Monday, 1 September 2008

Last Day of Meline’s bar – 31 July 2008

Meline’s bar, opened in November 2004, the only openly gay bar in Armenian capital with gay staff and clientele, was closed down due to financial reasons, as well as ongoing renovation projects in central Yerevan. Despite previous closure and re-opening, controversial opinions, Meline's remained a place where LGBT Armenians could be themselves, spend evening/night out, relax and have fun. It’s for that reason that I recognised Meline’s a “Venue of the Year” in Unzipped: Gay Armenia LIST 2008 (For other gay-friendly venues, or venues of interest for gay community, see my Armenia Gay Guide)

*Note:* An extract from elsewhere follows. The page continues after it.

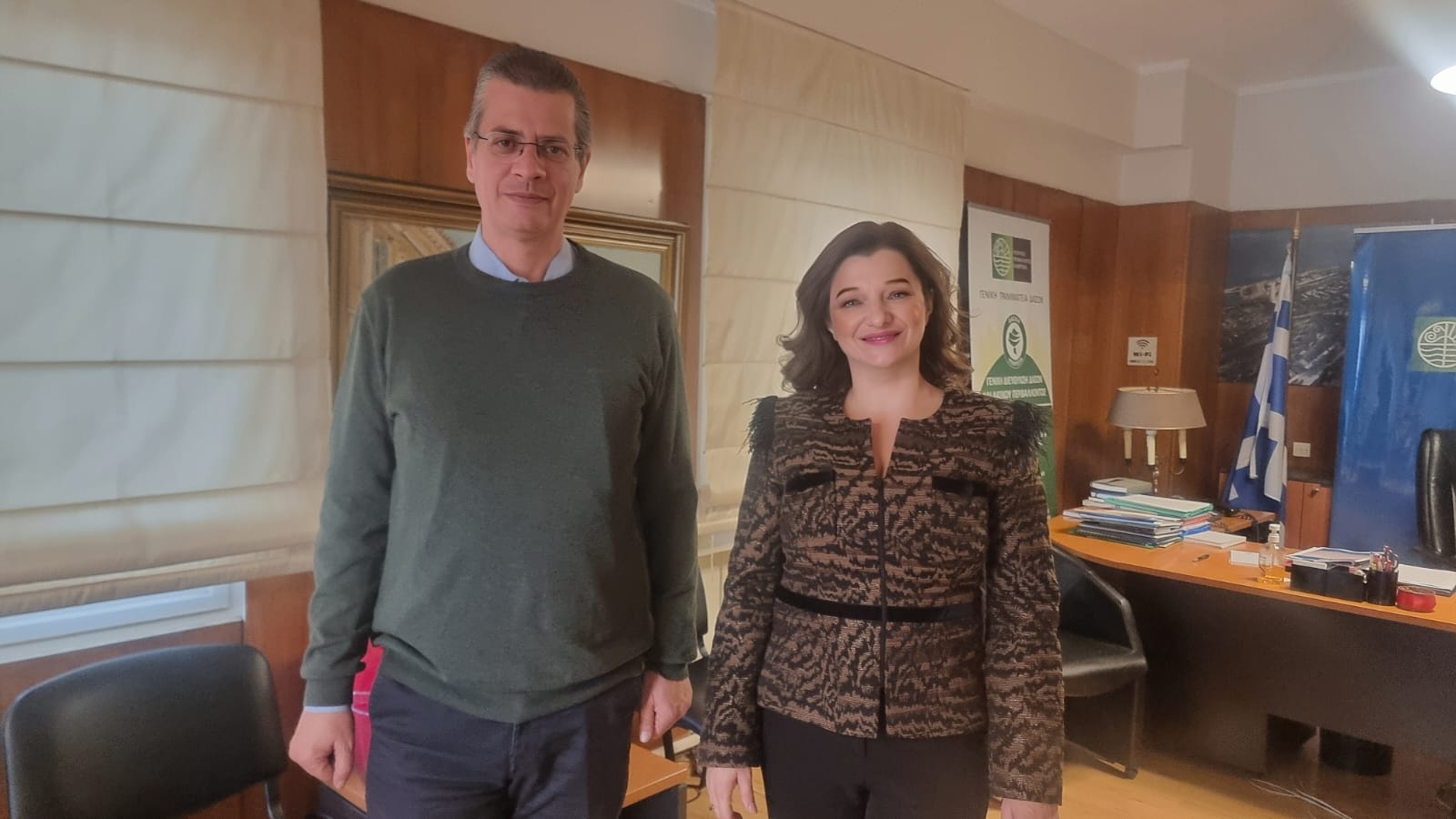 Επικοινωνία της Δρ. Δ. Αυγερινοπούλου με τον Γ. Γ. Δασών, κ. Στάθη Σταθόπουλο, για την αντιμετώπιση της ξήρανσης της Κεφαλληνιακής Ελάτης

I am glad that Pawel Leszkowicz, art curator and writer from Poland, was in Yerevan and in Meline’s on its very last day and provides this valuable account of a “definite ending with a splash called a naked party”. He says that “the patrons in Meline’s seems to be optimistic and sure that new bars will open in the future.” I certainly hope so.

(For selection of posters from Meline's past years - click here)

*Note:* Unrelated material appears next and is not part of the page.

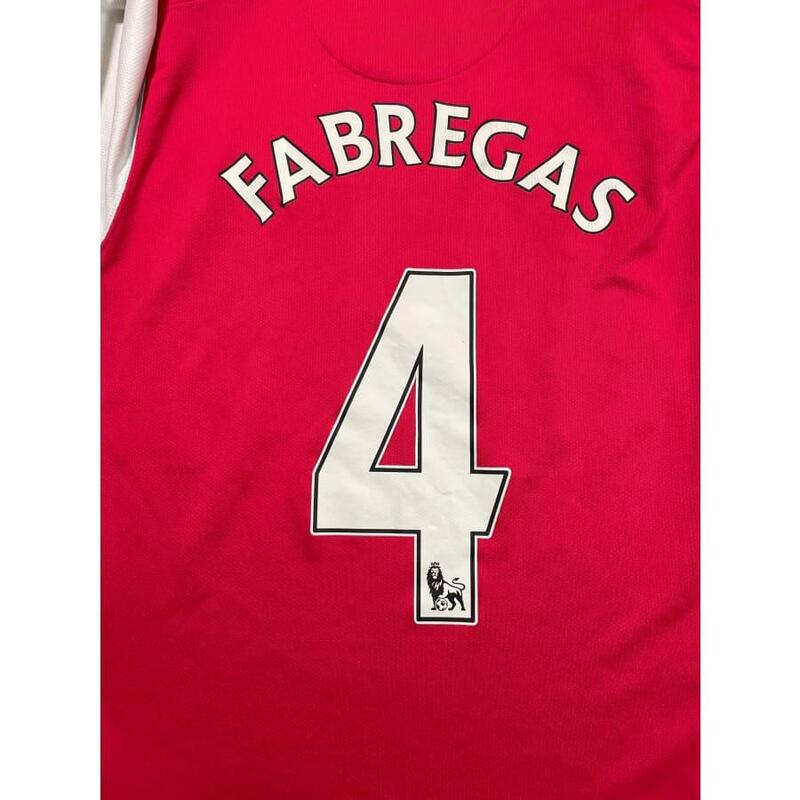 Reconditionné - Maillot foot vintage Arsenal  #4 Fabregas saison 2006-2007 - Trè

*From One Week in Yerevan: Art, Politics, and Sexuality by Pawel Leszkowicz (pictures of Meline’s last day by Pawel Leszkowicz)
**pictures have been taken out from this post upon request of people captured there, for understandable reasons.

On the 31st of July is the last night of the one and only gay club in Yerevan. Melines Bar is located in the very center of the town next to the Republic Square with its famous fountains and the Armenian National Gallery holding the early frescos representing the heritage of the first country that adopted Christianity as its religion in 301 AD. Melines Bar has its own history of on and off operations since the 2004. But today is a definite ending with a splash called a naked party.

Since 2002 when homosexuality was decriminalized in Armenia due to the country membership in the Council of Europe, gay scene started to emerge queering the city of Yerevan. For a while there was a popular mixed disco called Monte Christo but it didn’t survived. The final closing of Meline’s is a symptom of another process of modernization and capitalization, the center is being gentrified and the building housing the bar is doomed for destruction. A new monumental architecture of expensive apartments and shops pop up all over the center. The new just finished Northern Avenue haunts with surrealistic emptiness and Georgio Armani ads. Yet the elegant Armenian men rather prefer fake (Turkish) D&G T-shirts. Shoe fetishism is also crucial for male vogue here. The fashion/art photographer Raffie Davtian documents the Armenian sense of style and urban life changes.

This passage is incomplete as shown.